▶ _Problem_:
Exactly the lines from the one that holds "Thumbnail: 2023 Hyundai Elantra - 15" to the end of the data below: retype these and nothing else.

Crawled caption data:
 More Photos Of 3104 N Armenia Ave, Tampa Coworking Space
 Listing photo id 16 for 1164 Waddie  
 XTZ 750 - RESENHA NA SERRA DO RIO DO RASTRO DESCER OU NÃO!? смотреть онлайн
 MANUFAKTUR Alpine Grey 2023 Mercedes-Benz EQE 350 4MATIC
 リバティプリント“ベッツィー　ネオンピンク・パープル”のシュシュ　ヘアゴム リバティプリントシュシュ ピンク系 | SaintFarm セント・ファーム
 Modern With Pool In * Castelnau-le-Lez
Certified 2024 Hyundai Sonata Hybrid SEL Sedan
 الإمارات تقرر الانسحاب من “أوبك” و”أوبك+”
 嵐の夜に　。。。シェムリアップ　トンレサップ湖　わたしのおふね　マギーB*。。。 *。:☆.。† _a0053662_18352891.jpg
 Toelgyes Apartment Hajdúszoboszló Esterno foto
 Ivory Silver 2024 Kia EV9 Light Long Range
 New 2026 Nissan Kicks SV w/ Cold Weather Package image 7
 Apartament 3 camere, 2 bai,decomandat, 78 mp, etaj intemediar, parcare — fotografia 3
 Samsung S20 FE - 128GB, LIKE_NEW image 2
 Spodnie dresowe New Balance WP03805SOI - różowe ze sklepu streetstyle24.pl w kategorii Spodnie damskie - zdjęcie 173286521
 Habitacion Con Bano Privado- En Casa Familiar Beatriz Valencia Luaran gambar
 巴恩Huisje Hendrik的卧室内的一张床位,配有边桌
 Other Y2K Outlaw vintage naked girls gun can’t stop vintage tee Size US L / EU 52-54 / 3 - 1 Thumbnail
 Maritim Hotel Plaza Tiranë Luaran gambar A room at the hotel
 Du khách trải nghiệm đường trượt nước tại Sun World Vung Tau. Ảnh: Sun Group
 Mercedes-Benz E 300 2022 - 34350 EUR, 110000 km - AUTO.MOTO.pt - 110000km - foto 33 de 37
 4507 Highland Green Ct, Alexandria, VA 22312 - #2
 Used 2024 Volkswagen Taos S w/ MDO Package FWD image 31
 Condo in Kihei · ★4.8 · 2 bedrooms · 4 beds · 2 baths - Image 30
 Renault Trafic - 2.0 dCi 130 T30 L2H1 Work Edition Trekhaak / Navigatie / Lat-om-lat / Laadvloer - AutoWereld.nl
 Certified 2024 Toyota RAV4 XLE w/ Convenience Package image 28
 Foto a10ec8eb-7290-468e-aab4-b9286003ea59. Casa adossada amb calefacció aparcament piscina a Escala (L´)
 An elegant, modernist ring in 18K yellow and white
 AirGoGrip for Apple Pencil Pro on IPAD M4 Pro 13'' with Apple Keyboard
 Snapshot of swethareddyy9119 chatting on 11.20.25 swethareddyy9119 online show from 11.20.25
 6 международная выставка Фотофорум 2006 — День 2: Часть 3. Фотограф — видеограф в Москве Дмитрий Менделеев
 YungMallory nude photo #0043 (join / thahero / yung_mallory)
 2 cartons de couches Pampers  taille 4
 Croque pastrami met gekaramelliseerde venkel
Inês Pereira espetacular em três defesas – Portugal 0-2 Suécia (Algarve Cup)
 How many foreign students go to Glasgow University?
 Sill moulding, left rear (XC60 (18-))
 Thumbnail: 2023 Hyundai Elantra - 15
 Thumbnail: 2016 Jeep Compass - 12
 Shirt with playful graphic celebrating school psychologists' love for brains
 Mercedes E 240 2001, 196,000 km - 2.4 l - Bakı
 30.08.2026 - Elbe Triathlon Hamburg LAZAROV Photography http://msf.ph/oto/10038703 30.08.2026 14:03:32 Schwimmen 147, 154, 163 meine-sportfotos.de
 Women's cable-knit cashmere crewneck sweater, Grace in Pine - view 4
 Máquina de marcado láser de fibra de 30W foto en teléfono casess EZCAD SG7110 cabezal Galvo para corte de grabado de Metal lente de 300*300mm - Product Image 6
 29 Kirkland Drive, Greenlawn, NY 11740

▶ _Reply_:
 Thumbnail: 2023 Hyundai Elantra - 15
 Thumbnail: 2016 Jeep Compass - 12
 Shirt with playful graphic celebrating school psychologists' love for brains
 Mercedes E 240 2001, 196,000 km - 2.4 l - Bakı
 30.08.2026 - Elbe Triathlon Hamburg LAZAROV Photography http://msf.ph/oto/10038703 30.08.2026 14:03:32 Schwimmen 147, 154, 163 meine-sportfotos.de
 Women's cable-knit cashmere crewneck sweater, Grace in Pine - view 4
 Máquina de marcado láser de fibra de 30W foto en teléfono casess EZCAD SG7110 cabezal Galvo para corte de grabado de Metal lente de 300*300mm - Product Image 6
 29 Kirkland Drive, Greenlawn, NY 11740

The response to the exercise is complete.